In the words of a legendary newsman, that escalated quickly.
Faced with such a wild leap in the stakes, most people would react by running back to the golf course. I ran to the nursery to change more diapers. We welcomed baby No. 3 into the world in late September, and she is perfect. The back of her little head fits snug into the palm of my hand like a softball. When especially hangry, she goes beyond crying into this huffy, oinky snort. She sleeps well for a newborn, sometimes going north of four consecutive hours. And, along with her 4- and 2-year-old sisters, she makes playing golf regularly next to impossible.
Before degenerate gambling took it over, a big part of our conversation was about time management. More than ever, I am now convinced that in order to succeed (and prove my damn publisher wrong), I must outmaneuver the overflowing tasks on my calendar. This revelation occurred in light of some positive news: My reworked swing is in a decent place.
A week prior, I’d been invited to the Wednesday pro-am for the Constellation Furyk & Friends event here in Jacksonville. It took some creative lifting in terms of child care and work requirements to pull it off, but there I was, shaking hands with my teammate Rod Pampling on the first tee of Timuquana Country Club.
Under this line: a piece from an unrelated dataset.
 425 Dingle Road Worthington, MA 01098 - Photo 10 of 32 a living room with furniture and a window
I hadn’t swung a club in about three weeks, so I had no clue where the ball would go.
But the practice swings felt good. The lessons hammered into me by my coach/Yoda Mike Miles—mantras that couldn’t have been further from my mind over the previous three weeks of 4 a.m. hangry cries and marveling at how a creature so small could fill up so many diapers—immediately came to the fore. Throw the club back. Shift my weight. Pull my hands through. Be a pendulum. I tonked the opening drive down the left side of the fairway, right where I wanted it. Then I hit 9-iron from about 135—Mike says I’ve really got to get to my front side on these shots—to 25 feet. Easy two-putt par and Team Pamps was on our way.
Trivia time out! How much money has Pampling made over the course of his career on the PGA Tour and PGA Tour Champions? Answer: North of $17 million. Seventeen million dollars. And after watching him turn in the most casual 63 I’ve ever seen, including a hole-out for eagle from 194 yards on a long par 4 and a vodka-cranberry on the back nine, I wondered if he should have made even more.
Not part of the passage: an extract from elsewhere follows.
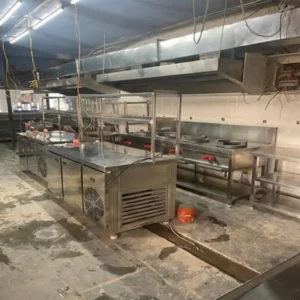 Hotel kitchen equipment manufacturer in Hyderabad, Telangana with oven and exhaust system.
My buddy Colin also knows how golf can get funny when someone’s on a heater. Our group responded to Hot Rod and we all joined in on the birdie parade. It was a handicapped team best-ball format, and we ended up using a couple of my 4-for-3s on the way to a 57 and the overall pro-am victory. (My only regret: I would have threatened breaking 80 on my own ball. Would have been a nice number to enter into the magic GHIN machine!)
That experience coupled with the aforementioned 41 made it clear that getting to a 10 is absolutely possible. Equally obvious was the combination of a growing multimedia empire at work and a sprouting trio of adorable knuckleheads at home standing in my way. The only way to get there is to aggressively make the time. So I am actively working my built-in advantages: The Yards, the 12-holer near my house, is about to have a sleep-deprived single on the sheet early every Wednesday. Grandma is about to spend some Wednesday breakfasts with her granddaughters. And I’m about to learn how to sauté a 6-iron. Place your bets accordingly.